- [DESCRIPTION OF THE TASK]: In the copy, keep the lines from the first line of the material below through the line containing "Saint Laurent pumps" exactly as they are, and include no pictures.

DATA EXCERPTS section start

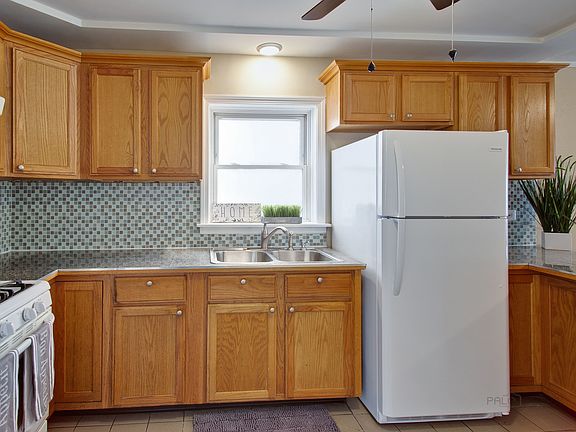 5th image of 6732 S Komensky Ave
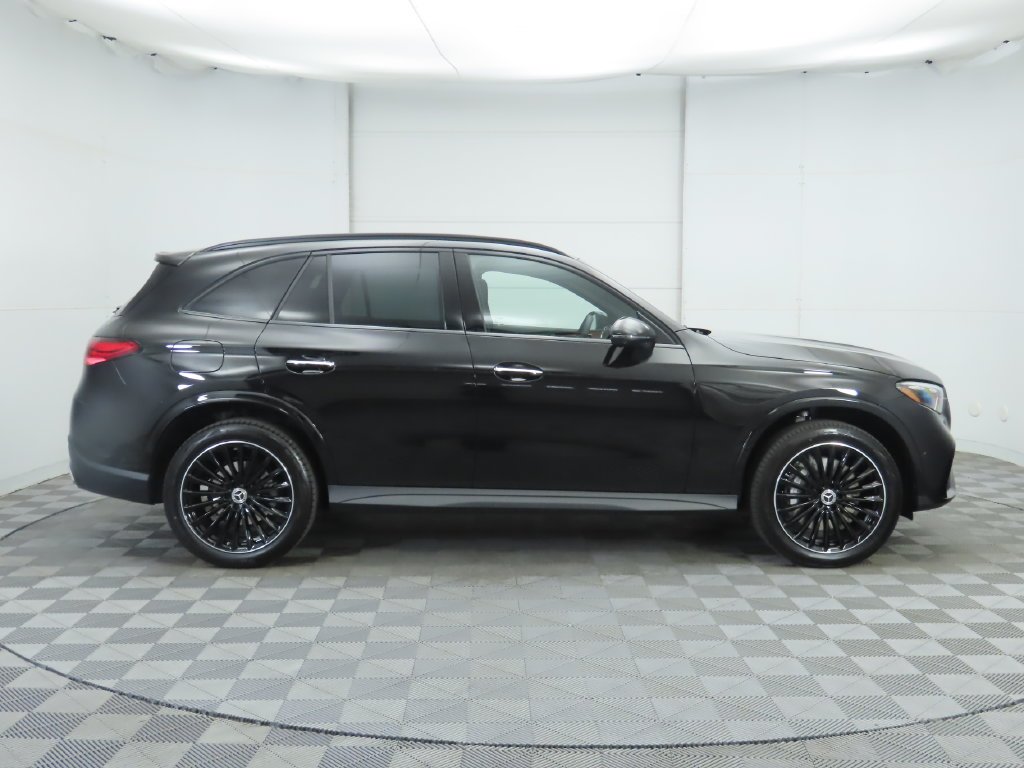 Used 2026 Obsidian Black Metallic Mercedes-Benz GLC 300 image 4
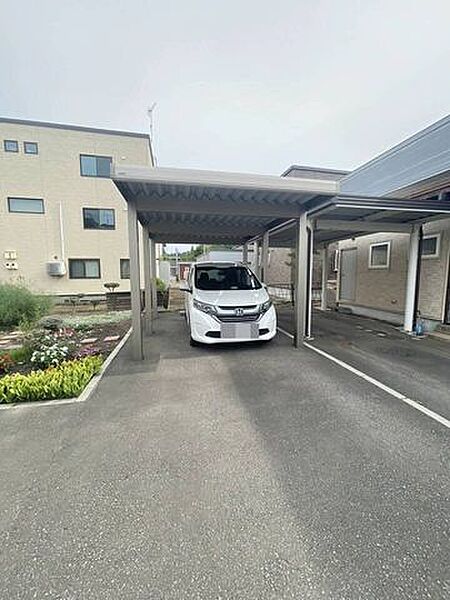 《外観写真》カーポートを設置可能な広さの土地です。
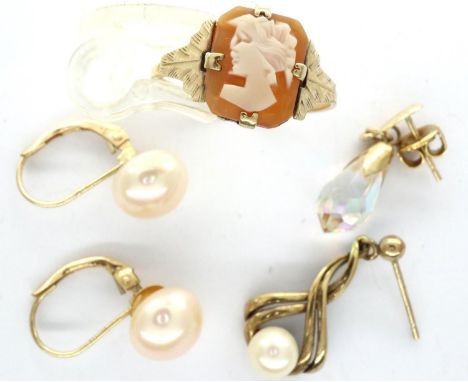 Pair of 9ct gold pearl set earrings, a cameo set ring and two odd 9ct gold mounted earrings, combined 5.8g. P&amp;P Group 1 (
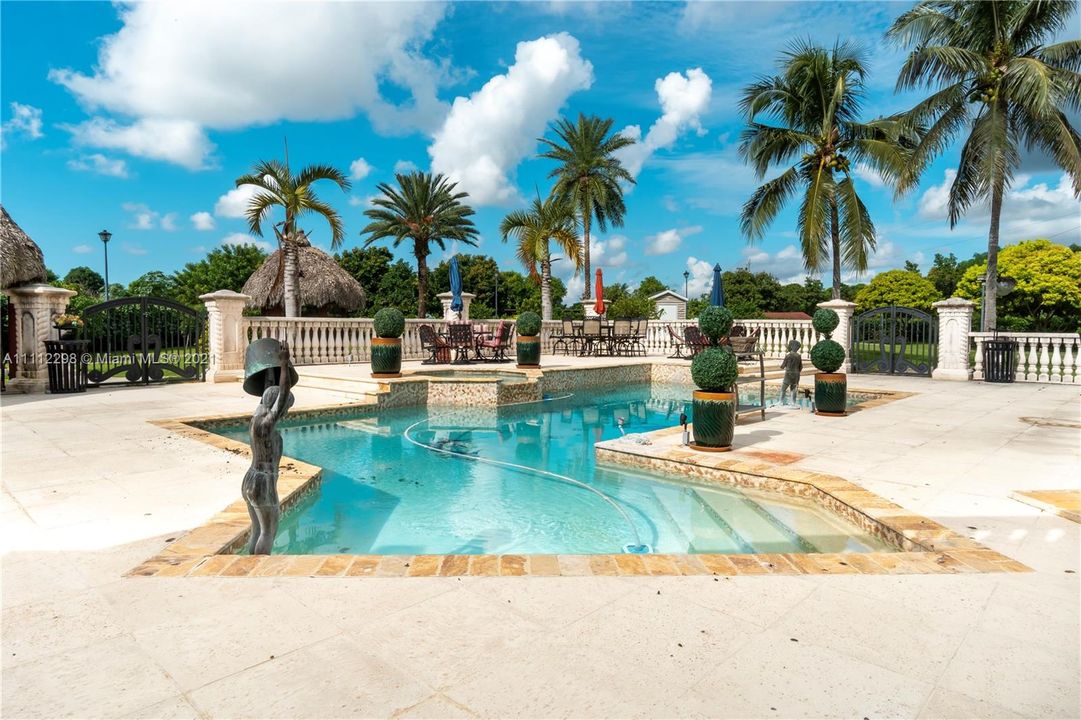 Recently Rented: $6,500 (4 beds, 3 baths, 4052 Square Feet)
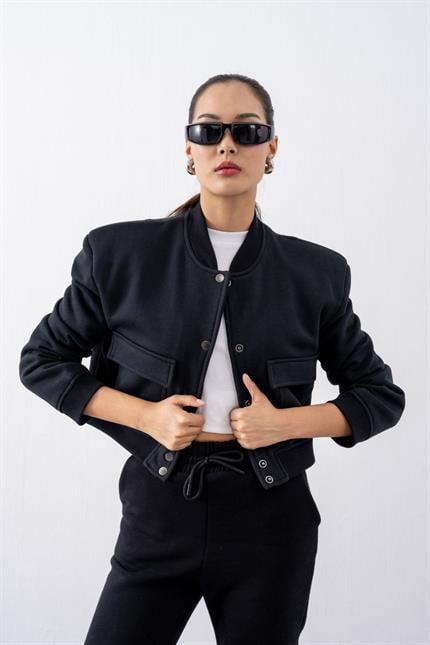 Kadın Vatkalı Siyah Ceket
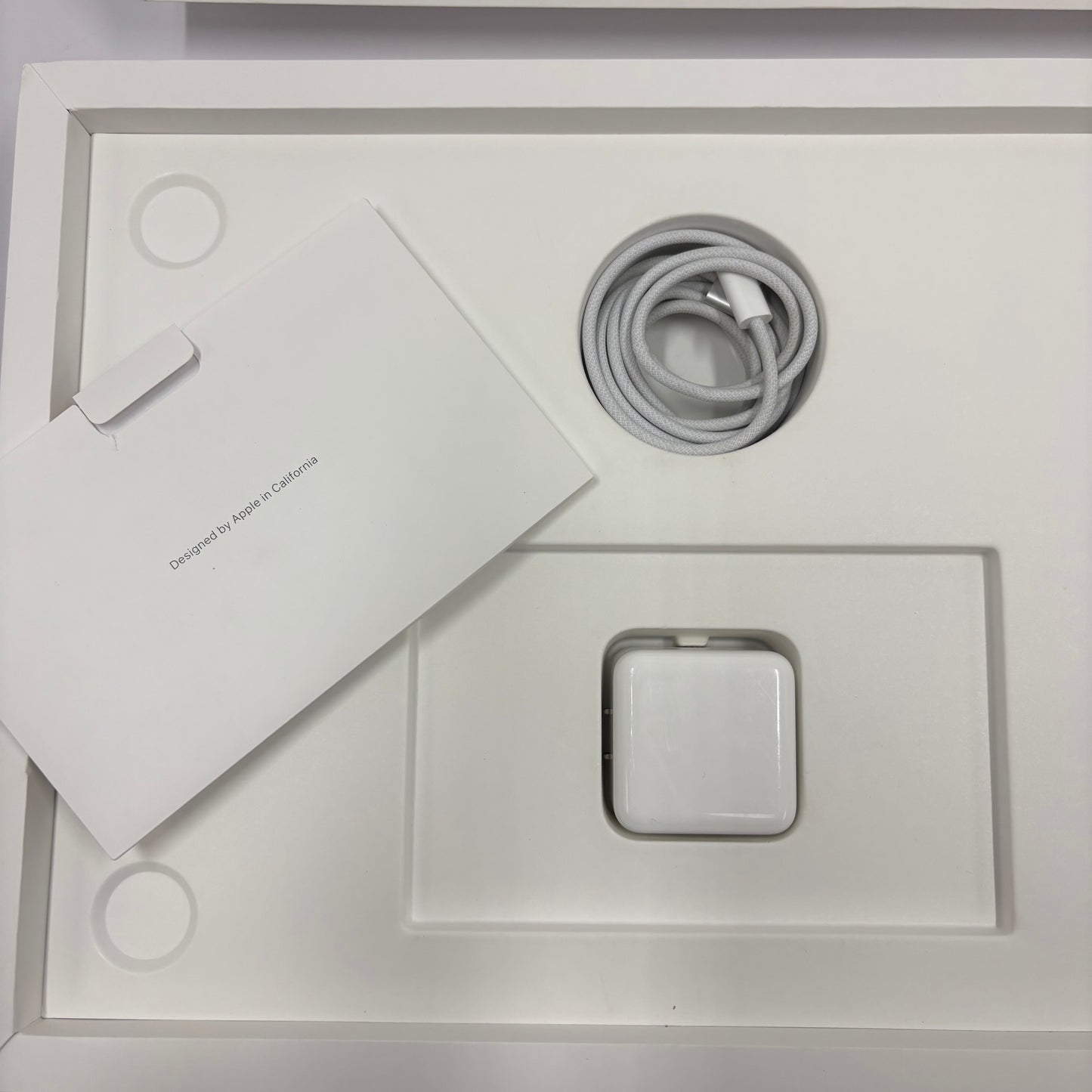 2024 Apple MacBook Air 15" M3 4.0GHz 8GB RAM 512GB SSD Silver A3114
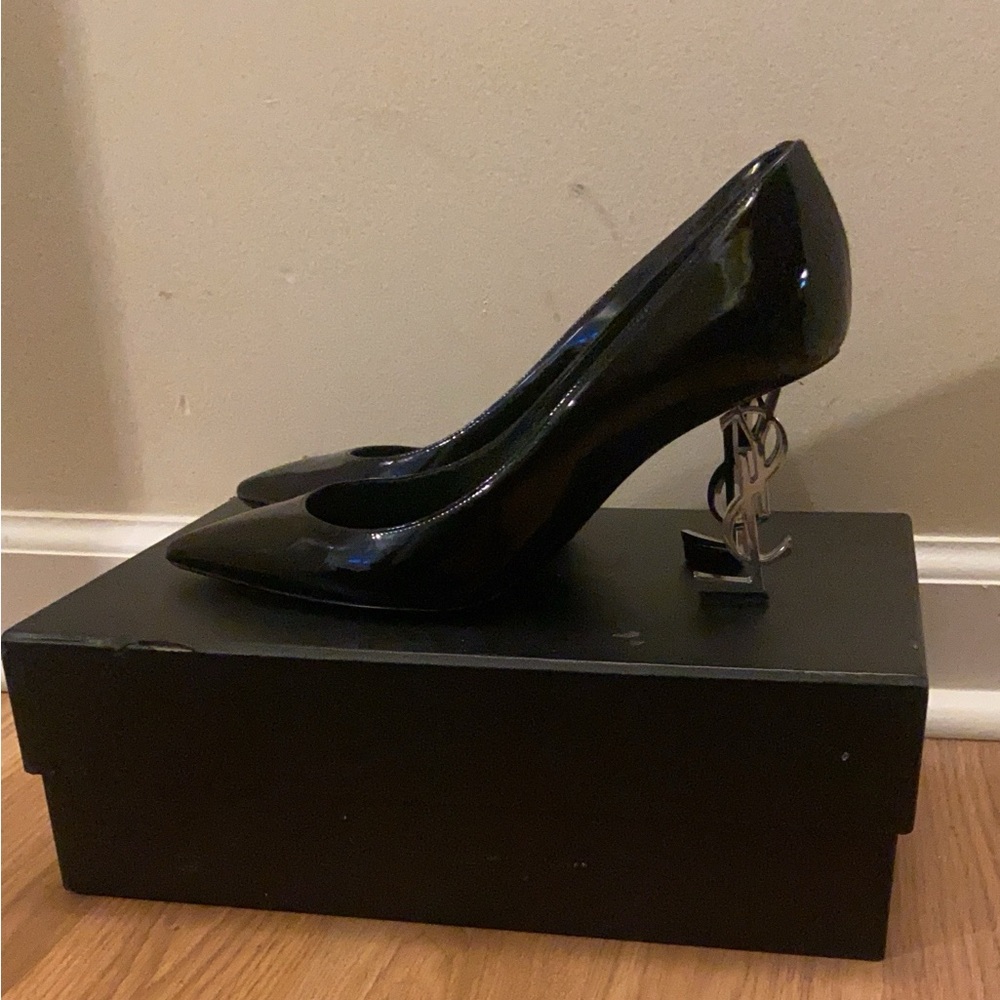 Saint Laurent pumps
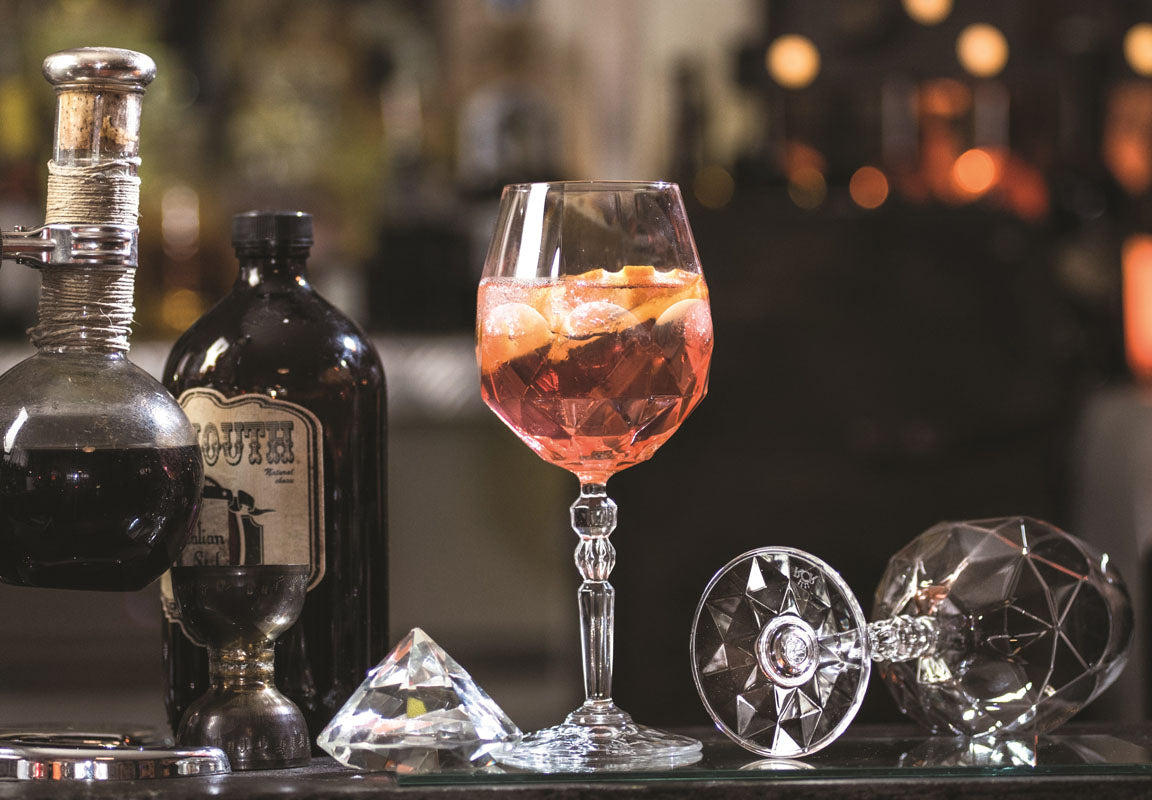 BOITE DE 6 VERRES A PIED ALKEMIST TULIPE 53CL – Verre à pied – HygiRéa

DATA EXCERPTS section end

- [PROBLEM SOLUTION]:
 5th image of 6732 S Komensky Ave
 Used 2026 Obsidian Black Metallic Mercedes-Benz GLC 300 image 4
 《外観写真》カーポートを設置可能な広さの土地です。
 Pair of 9ct gold pearl set earrings, a cameo set ring and two odd 9ct gold mounted earrings, combined 5.8g. P&amp;P Group 1 (
 Recently Rented: $6,500 (4 beds, 3 baths, 4052 Square Feet)
 Kadın Vatkalı Siyah Ceket
 2024 Apple MacBook Air 15" M3 4.0GHz 8GB RAM 512GB SSD Silver A3114
 Saint Laurent pumps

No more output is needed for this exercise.